Posted:August 12, 2014

From http://www.slowfamilyonline.com/tag/tinker-toy/Defining the Guideposts for Big Data

In our recent two-part series we described a decade of experience working in the semantic Web (Part I) and our view that Big Structure, which resides at the nexus of the semantic Web, knowledge bases and artificial intelligence, was a key component of making sense of Big Data going forward (Part II). We are at a time when multiple advances are conjoining to create new opportunities and excitement.

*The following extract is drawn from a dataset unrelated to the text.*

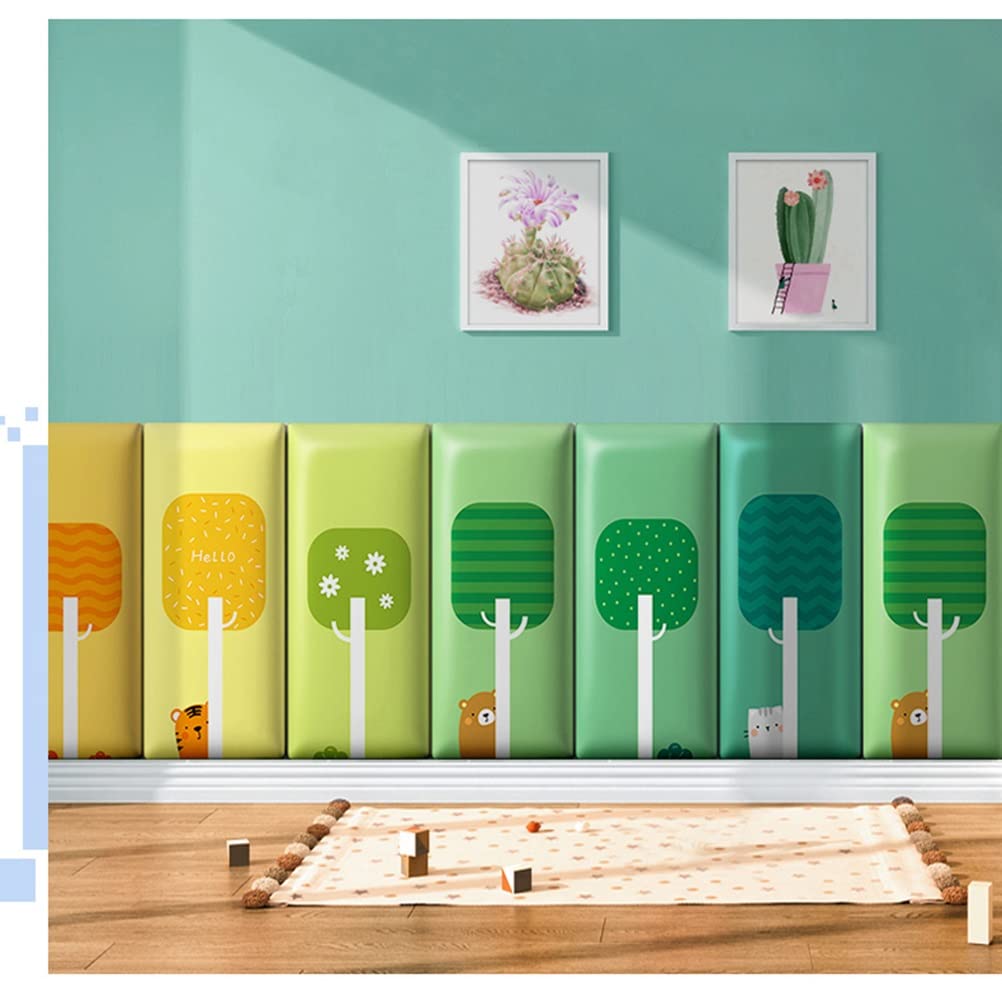 3D Anti-Collision Wall Stickers Naklejka Ścienna Antykolizyjna Dla Dzieci, Wodoodporna Miękka Torba Panel Ścienny Ze Skóry PU 3D, Do Pokoju Dziecięcego, Przedszkola, 50x20cm(7 PCS)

Data without context and relationships is meaningless. The idea of Big Data is powerful, but it is often presented as either a “good thing” in and of itself, or a mantra for something that is rather undefined. There is no doubt that with the Internet and the Web we are now able to generate and access data at unprecedented scale. There is also no question that tracking mechanisms and cheap storage — and simpler, large-scale databases and Web services — mean that we can also capture data and structure of natures previously unseen. Everyone knows the remarkable growth in exabytes and more.

The prospect of data everywhere — some useful with important context and some not — has clearly captured the current discussion. Heck, if we claim Big Data, we even make more in wage or consulting charge-out fees. Who can argue with that?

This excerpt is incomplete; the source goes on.